▸ **Task brief**:
Identify all lines in the data containing the string "Decoration". Copy them out.
Source data Start Marker
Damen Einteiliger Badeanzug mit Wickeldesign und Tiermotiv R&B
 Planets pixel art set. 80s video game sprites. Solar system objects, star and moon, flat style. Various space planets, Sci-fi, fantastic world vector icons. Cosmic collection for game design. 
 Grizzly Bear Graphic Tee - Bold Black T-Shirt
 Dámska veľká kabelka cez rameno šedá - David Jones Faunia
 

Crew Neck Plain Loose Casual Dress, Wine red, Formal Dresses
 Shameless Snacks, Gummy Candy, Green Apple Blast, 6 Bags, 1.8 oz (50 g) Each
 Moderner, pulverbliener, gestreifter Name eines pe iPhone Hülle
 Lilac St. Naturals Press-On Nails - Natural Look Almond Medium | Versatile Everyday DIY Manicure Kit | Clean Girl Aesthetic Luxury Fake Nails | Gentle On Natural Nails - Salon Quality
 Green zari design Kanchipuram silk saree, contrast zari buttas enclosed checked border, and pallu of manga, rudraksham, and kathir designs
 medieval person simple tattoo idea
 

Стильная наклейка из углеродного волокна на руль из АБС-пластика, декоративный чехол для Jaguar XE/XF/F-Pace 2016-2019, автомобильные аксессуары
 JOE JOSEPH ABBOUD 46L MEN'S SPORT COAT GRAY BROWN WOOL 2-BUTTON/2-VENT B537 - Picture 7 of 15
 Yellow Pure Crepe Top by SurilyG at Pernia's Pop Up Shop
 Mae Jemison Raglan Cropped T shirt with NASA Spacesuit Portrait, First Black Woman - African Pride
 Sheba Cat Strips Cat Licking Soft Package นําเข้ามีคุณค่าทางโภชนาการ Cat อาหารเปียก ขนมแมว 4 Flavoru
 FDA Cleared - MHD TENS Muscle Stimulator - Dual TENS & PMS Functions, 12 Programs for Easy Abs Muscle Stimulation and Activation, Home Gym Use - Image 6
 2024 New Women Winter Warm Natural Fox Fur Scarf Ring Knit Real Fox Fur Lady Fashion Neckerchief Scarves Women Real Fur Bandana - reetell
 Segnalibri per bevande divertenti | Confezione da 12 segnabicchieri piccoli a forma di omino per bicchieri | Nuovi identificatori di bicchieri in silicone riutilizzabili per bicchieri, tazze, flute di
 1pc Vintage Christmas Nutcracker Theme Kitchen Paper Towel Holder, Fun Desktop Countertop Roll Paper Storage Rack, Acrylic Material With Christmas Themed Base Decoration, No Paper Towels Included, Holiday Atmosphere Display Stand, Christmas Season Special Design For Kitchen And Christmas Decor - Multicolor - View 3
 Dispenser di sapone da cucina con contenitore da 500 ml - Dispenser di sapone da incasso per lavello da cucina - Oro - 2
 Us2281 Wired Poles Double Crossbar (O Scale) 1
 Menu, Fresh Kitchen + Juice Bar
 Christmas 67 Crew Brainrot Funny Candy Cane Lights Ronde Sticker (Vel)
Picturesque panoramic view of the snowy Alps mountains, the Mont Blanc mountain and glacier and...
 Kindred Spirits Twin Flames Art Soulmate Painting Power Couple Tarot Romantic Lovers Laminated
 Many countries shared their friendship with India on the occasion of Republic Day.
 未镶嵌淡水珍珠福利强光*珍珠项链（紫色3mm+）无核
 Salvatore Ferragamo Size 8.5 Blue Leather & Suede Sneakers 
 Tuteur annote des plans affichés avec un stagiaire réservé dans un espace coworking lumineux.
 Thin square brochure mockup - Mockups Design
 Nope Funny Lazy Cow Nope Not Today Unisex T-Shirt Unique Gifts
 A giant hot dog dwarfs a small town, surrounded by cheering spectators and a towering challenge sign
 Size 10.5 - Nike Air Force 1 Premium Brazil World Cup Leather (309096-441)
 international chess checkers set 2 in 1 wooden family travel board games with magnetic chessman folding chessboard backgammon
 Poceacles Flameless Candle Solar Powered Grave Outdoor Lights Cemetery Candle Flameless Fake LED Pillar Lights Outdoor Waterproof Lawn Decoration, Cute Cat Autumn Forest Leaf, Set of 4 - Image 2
Source data End Marker
▸ **Result**:
 1pc Vintage Christmas Nutcracker Theme Kitchen Paper Towel Holder, Fun Desktop Countertop Roll Paper Storage Rack, Acrylic Material With Christmas Themed Base Decoration, No Paper Towels Included, Holiday Atmosphere Display Stand, Christmas Season Special Design For Kitchen And Christmas Decor - Multicolor - View 3
 Poceacles Flameless Candle Solar Powered Grave Outdoor Lights Cemetery Candle Flameless Fake LED Pillar Lights Outdoor Waterproof Lawn Decoration, Cute Cat Autumn Forest Leaf, Set of 4 - Image 2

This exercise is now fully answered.